[Task directions]:
Would you please repeat exactly the entries below, starting at the line with "Japan Monchhichi Uruchuru" and ending at the line with "Buture VC70 Cordless", and nothing outside that range? Leave out the pictures.

[Recorded data]:
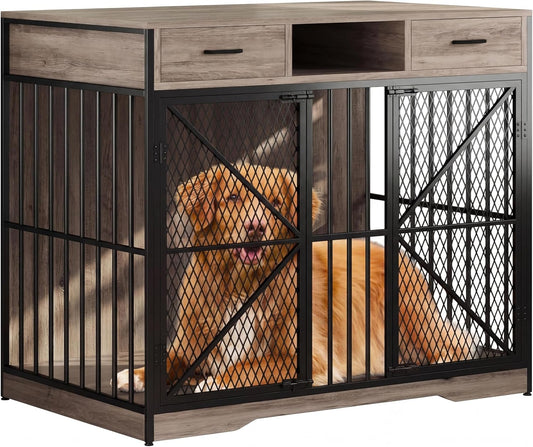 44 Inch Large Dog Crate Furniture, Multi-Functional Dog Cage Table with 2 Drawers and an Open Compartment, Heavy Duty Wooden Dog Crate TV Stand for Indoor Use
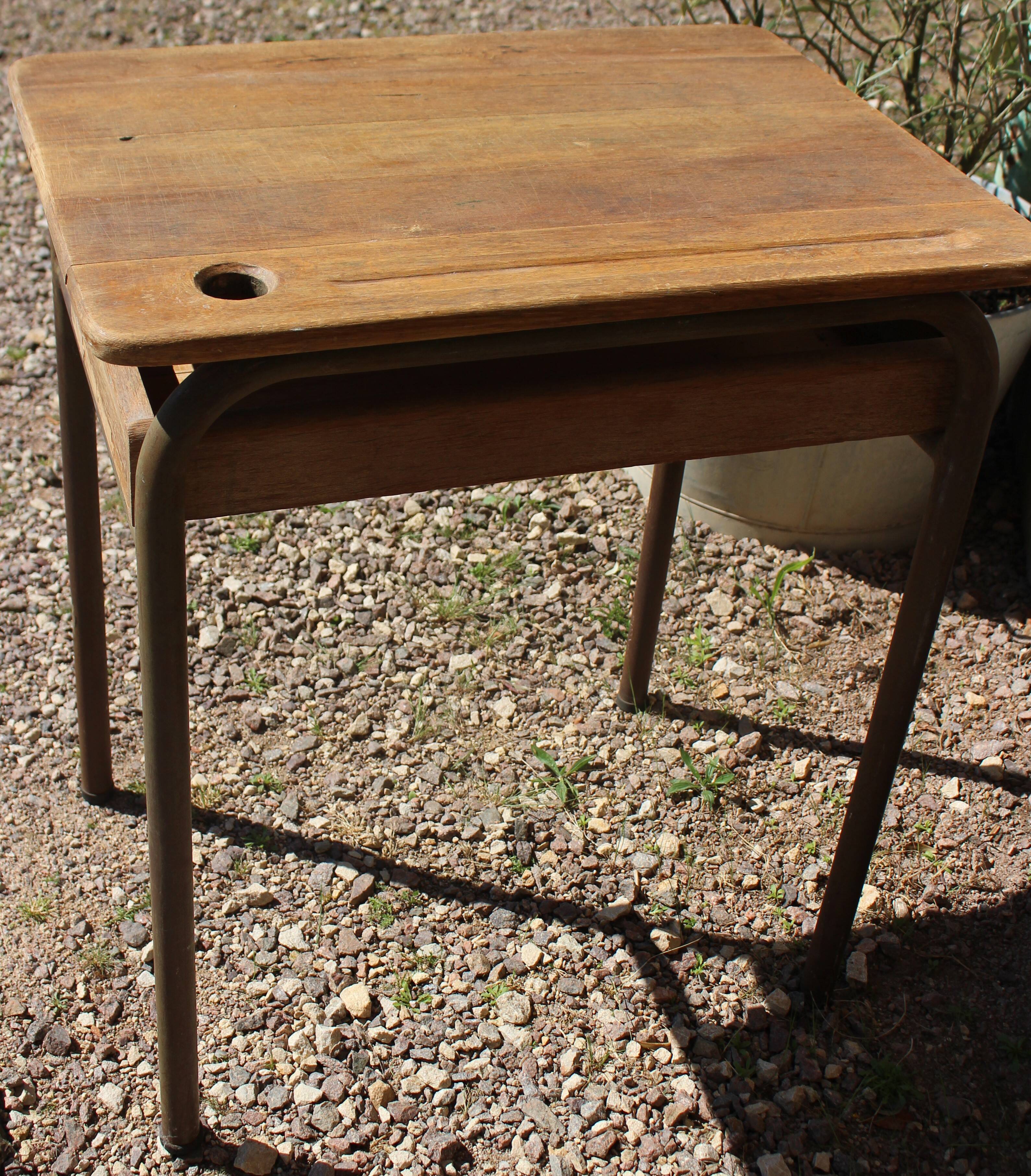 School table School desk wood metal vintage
==
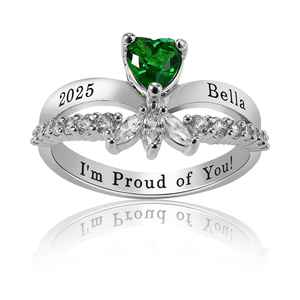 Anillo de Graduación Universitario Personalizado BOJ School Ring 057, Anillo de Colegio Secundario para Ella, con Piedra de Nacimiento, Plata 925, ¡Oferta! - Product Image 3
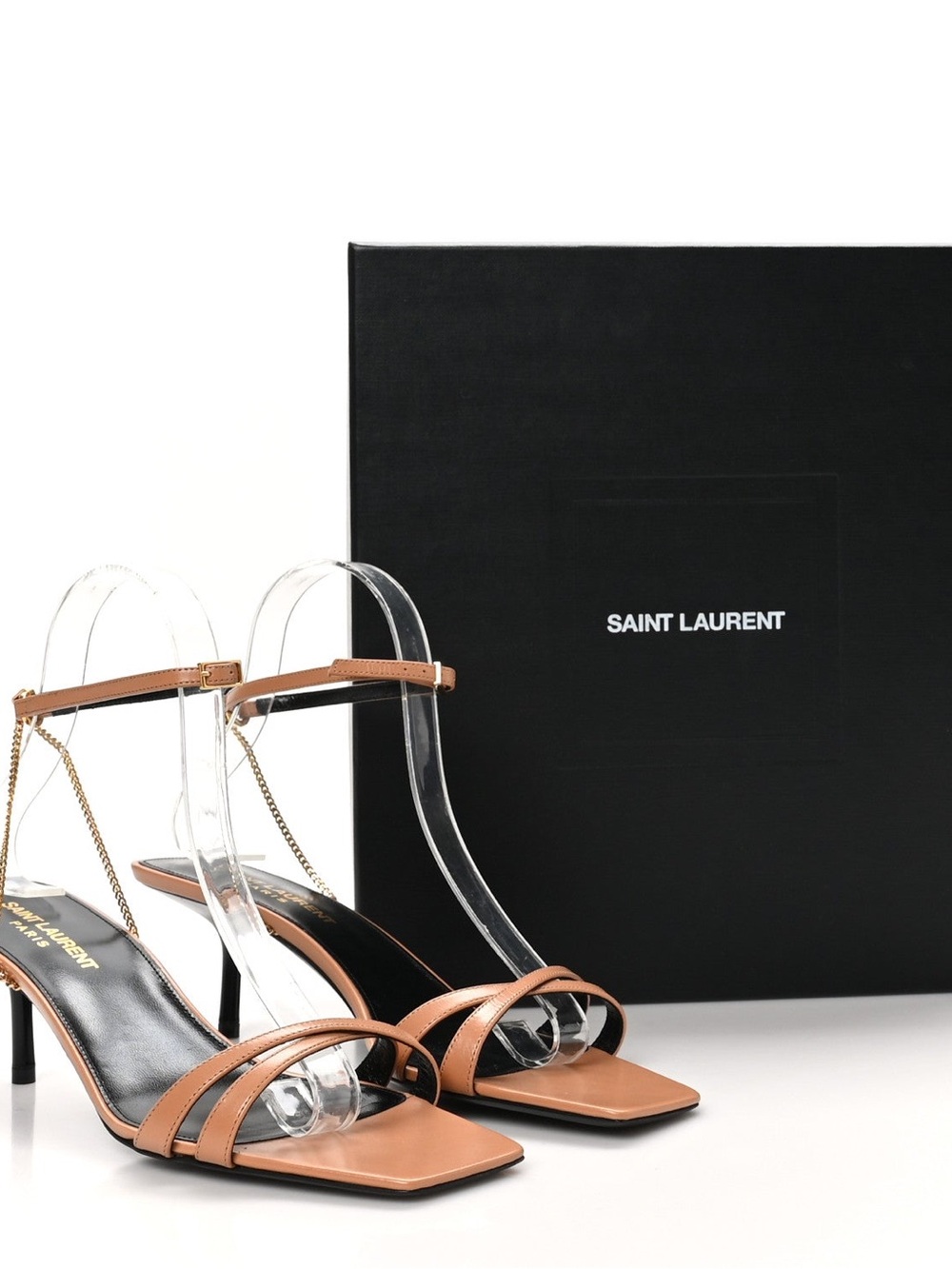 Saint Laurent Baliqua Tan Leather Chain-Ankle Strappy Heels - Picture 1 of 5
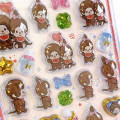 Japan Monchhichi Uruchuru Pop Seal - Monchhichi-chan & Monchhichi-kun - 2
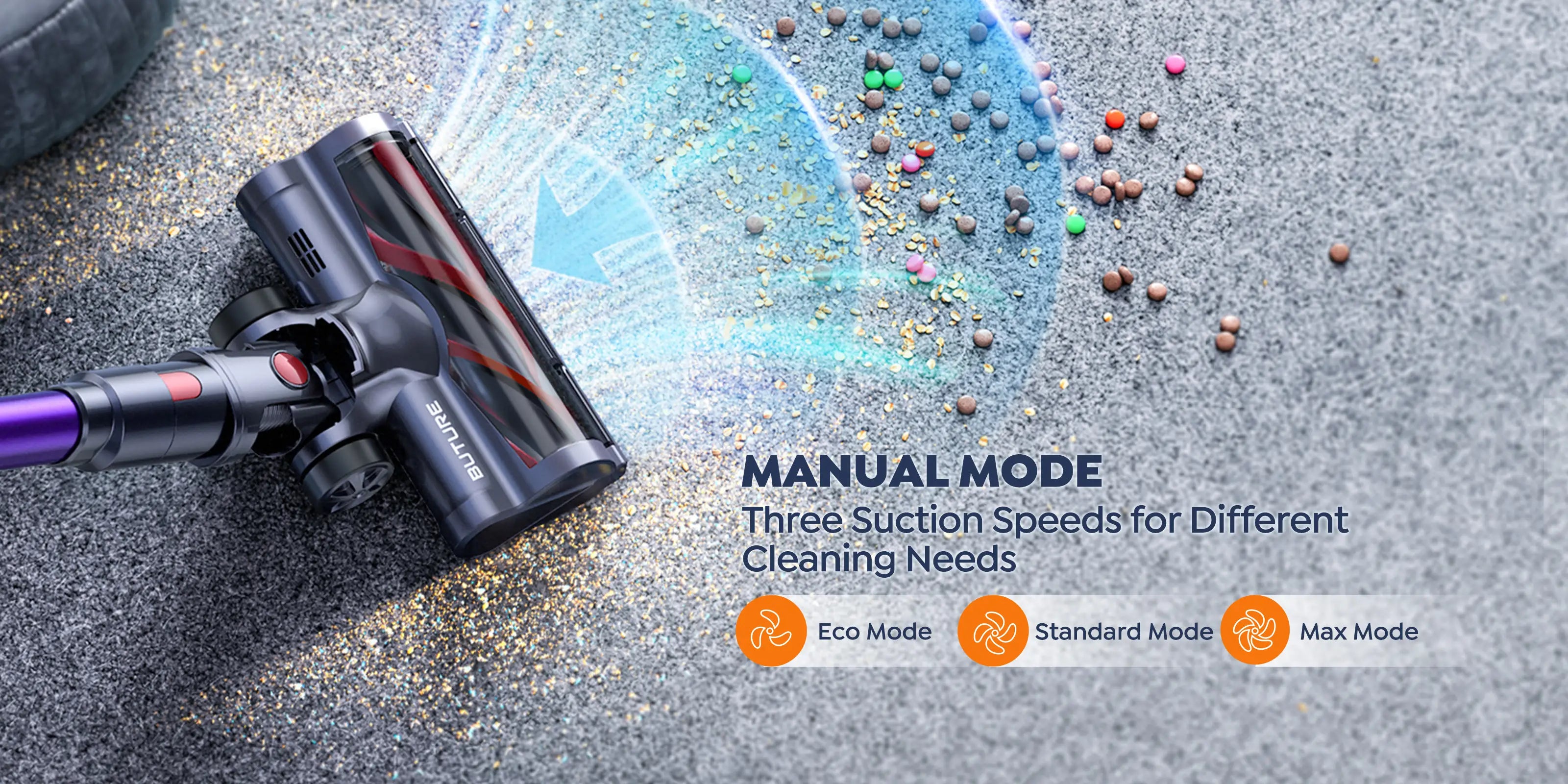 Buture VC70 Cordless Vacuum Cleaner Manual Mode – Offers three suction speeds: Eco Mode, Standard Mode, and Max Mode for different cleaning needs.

[Answer below]:
 Japan Monchhichi Uruchuru Pop Seal - Monchhichi-chan & Monchhichi-kun - 2
 Buture VC70 Cordless Vacuum Cleaner Manual Mode – Offers three suction speeds: Eco Mode, Standard Mode, and Max Mode for different cleaning needs.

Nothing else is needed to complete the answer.